Difference between Printer and Print Queue

ssuhail
Tera Contributor

Greetings!

While running our discovery scans, we were able to discovery about 60% of the Printers in the environment (CMDB_CI_PRINTER). We also noticed that under "CMDB_CI_PRINT_QUEUE" all the "Printers" maintained by the Infrastructure team are listed.

Can any help me understand what is this print queue and how is it different from Printer / not classified as a Printer?

regards,

Suhail

5 REPLIES 5

anurag92
Kilo Sage

Printer CIs are pointers to actual Physical Printers in company's organization.



Print Queues are a list of printer output jobs on a particular machine/computer. For instance, printer ci can be 'Canon i960' and Print Queue can be:Canon i960 MP 1238 (Finance Bay).



If at your end, both print queue and printer are showing same data, check the source once.


Alexander Ljung
Kilo Expert

Hi Suhail,



cmdb_ci_printer has only information about devices that produces a paper copy (physical).


cmdb_ci_printer_queue has data about reserved areas of memory or the disk that hold information/output specifically for a printer until the printer can receive it and produce the output. A record here contains for example how many errors the queue has encountered.



Does it make sense in your installation or is it wrongly classifying printers as devices in the printer queue? I'd recommend inspecting the payloads from the discovery result to narrow it down, and perhaps to a single discovery against an IP where a print queue is classified to really dig down into it. It's important to see what values your discovery is returning.



I hope this answers helps and brings some clarification to your mystery! If so please mark as helpful.



Best Regards,


Alexander


Dave Smith1
ServiceNow Employee
ServiceNow Employee
  • A printer is a physical hardware device.
  • A print queue is a virtual concept, a holding area to contain spooled jobs whilst the printer is trying to catch up. You don't send a job to a printer, you actually send it to a queue and let it eventually emerge.
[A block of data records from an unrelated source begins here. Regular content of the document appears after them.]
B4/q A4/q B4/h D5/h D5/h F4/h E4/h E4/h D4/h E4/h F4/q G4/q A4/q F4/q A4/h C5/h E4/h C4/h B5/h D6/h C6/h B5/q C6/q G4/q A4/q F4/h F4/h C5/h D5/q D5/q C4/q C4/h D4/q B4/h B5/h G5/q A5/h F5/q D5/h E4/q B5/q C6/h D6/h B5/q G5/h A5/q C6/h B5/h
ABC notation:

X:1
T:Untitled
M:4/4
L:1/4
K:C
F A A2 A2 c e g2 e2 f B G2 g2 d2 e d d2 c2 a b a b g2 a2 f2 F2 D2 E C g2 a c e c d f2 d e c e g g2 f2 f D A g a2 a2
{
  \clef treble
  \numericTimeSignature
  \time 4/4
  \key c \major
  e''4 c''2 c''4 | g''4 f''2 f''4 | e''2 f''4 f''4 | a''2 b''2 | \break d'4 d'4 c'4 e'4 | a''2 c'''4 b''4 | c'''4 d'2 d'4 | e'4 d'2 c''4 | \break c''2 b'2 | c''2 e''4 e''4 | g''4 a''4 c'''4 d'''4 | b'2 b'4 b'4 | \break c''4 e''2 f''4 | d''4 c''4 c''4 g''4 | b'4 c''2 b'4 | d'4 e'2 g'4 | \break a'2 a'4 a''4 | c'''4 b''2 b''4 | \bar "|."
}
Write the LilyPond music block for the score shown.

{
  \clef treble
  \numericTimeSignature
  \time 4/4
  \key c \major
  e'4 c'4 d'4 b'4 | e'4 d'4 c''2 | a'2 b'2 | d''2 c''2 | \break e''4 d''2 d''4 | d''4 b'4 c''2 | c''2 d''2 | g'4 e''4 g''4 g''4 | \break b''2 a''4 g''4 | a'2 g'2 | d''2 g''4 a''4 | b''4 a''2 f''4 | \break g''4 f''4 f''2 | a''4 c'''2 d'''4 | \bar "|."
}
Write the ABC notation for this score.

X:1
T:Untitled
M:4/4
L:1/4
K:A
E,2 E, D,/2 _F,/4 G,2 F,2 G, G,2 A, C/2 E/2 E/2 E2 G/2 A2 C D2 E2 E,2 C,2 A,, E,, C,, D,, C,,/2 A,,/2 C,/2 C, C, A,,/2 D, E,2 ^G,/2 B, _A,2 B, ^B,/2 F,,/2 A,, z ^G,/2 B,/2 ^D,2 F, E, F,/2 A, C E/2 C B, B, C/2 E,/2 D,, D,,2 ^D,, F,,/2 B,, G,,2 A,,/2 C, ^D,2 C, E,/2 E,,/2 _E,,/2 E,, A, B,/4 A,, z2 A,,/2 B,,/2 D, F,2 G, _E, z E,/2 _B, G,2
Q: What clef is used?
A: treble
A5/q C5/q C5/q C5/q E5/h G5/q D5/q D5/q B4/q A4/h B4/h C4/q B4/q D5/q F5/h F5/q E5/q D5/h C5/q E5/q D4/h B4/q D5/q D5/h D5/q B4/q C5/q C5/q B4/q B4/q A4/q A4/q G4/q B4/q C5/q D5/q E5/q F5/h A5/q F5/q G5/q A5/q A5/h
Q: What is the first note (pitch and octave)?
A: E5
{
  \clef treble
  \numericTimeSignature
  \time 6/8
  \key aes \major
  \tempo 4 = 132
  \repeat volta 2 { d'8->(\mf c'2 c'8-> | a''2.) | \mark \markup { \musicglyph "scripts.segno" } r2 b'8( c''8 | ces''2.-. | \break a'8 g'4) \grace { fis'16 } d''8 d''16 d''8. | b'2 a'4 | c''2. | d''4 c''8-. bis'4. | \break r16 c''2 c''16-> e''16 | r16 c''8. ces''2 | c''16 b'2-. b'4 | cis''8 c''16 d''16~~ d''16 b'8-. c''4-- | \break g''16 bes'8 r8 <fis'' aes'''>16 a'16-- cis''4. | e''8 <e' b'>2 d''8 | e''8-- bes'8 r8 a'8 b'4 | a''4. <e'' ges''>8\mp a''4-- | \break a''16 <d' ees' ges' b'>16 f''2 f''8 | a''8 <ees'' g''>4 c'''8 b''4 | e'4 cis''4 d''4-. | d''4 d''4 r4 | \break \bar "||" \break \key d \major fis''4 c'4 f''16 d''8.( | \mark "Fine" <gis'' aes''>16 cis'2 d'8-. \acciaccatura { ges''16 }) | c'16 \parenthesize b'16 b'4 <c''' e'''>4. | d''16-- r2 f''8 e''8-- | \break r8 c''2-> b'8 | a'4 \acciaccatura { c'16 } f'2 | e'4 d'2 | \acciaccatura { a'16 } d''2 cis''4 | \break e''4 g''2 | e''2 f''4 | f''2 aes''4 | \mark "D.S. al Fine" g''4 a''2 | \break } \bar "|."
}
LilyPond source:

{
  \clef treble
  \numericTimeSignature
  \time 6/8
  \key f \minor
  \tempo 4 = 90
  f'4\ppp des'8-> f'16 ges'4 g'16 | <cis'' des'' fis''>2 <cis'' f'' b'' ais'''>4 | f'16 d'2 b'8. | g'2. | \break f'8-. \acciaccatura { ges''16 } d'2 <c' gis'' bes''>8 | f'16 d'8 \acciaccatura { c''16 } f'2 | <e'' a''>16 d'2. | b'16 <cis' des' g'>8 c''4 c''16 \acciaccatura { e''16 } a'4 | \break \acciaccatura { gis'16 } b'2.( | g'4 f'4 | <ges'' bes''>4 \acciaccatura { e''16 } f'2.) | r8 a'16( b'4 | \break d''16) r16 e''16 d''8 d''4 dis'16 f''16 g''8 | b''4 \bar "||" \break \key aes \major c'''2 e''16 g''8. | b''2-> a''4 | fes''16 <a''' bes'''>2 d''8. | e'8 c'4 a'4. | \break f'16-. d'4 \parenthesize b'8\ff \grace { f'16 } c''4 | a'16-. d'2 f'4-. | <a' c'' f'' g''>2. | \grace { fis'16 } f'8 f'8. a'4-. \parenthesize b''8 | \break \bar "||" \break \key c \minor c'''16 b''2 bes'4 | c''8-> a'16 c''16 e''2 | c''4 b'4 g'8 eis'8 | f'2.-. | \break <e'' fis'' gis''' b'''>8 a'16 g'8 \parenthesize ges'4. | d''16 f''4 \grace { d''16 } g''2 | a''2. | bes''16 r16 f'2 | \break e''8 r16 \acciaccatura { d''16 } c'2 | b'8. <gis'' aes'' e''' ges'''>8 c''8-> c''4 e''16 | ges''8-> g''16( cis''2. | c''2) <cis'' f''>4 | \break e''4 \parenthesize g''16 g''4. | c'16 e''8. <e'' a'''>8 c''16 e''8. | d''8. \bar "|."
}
Further information that could be useful:


  • A printer requires a queue for it to be used. So every printer should have at least one queue.
  • A printer may have several queues - each queue will process the data differently.   This is a common technique for managing multi-tray printers; one queue will be used for letter-headed notepaper, another for plain paper, another for punched, etc.   Each queue will instruct the printer to select a specific tray before proceeding with the job.
  • A queue doesn't require a printer - it can continue to accept jobs whilst the printer is off-line, for example: being repaired.  
  • Some queues don't terminate in a printer - like a "PDF printer", or fax server.   Attempting to send a document to that queue will process the document in some way.
  • JetDirect printers are usually configured as local printers (so page processing takes place locally) then the transformed data is squirted to an IP address.
  • HP5 printers break too easily.

This is absolutely not correct. A "Printer" is not a piece of hardware. That is called a "Print Device".   The "Printer" is something you install on the Print Server.



You are not wrong for layman's/common parlance, but when it comes to troubleshooting and technical information regarding a Microsoft Server environment, the terms mean different things.   (Reference: MS Server Administration manuals).



Regarding OP's question, they are looking for the difference between this virtual printer component and how it is different from a Print Queue in technical terms - rather than asking for the difference between a Print Device and a virtual queue.